* The problem *
Please write out the listing exactly, with nothing altered.
(Beginning of Provided data)
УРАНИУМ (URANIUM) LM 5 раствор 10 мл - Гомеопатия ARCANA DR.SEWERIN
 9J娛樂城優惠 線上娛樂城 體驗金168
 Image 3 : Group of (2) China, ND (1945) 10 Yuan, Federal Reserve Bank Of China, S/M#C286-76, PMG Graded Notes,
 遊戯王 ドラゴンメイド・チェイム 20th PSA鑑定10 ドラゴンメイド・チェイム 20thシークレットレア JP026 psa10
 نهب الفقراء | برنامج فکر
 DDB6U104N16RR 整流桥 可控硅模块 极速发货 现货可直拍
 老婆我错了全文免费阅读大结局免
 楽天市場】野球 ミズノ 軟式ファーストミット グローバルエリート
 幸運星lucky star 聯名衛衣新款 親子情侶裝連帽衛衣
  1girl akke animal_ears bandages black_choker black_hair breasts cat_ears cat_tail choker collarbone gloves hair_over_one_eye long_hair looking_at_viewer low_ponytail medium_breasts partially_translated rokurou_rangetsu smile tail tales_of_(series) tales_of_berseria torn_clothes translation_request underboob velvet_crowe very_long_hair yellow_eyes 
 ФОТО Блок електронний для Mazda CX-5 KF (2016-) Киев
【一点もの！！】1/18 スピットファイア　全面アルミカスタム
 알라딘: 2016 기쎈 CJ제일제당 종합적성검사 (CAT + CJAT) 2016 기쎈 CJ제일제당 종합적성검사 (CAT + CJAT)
(End of Provided data)
* Response area *
УРАНИУМ (URANIUM) LM 5 раствор 10 мл - Гомеопатия ARCANA DR.SEWERIN
 9J娛樂城優惠 線上娛樂城 體驗金168
 Image 3 : Group of (2) China, ND (1945) 10 Yuan, Federal Reserve Bank Of China, S/M#C286-76, PMG Graded Notes,
 遊戯王 ドラゴンメイド・チェイム 20th PSA鑑定10 ドラゴンメイド・チェイム 20thシークレットレア JP026 psa10
 نهب الفقراء | برنامج فکر
 DDB6U104N16RR 整流桥 可控硅模块 极速发货 现货可直拍
 老婆我错了全文免费阅读大结局免
 楽天市場】野球 ミズノ 軟式ファーストミット グローバルエリート
 幸運星lucky star 聯名衛衣新款 親子情侶裝連帽衛衣
  1girl akke animal_ears bandages black_choker black_hair breasts cat_ears cat_tail choker collarbone gloves hair_over_one_eye long_hair looking_at_viewer low_ponytail medium_breasts partially_translated rokurou_rangetsu smile tail tales_of_(series) tales_of_berseria torn_clothes translation_request underboob velvet_crowe very_long_hair yellow_eyes 
 ФОТО Блок електронний для Mazda CX-5 KF (2016-) Киев
【一点もの！！】1/18 スピットファイア　全面アルミカスタム
 알라딘: 2016 기쎈 CJ제일제당 종합적성검사 (CAT + CJAT) 2016 기쎈 CJ제일제당 종합적성검사 (CAT + CJAT)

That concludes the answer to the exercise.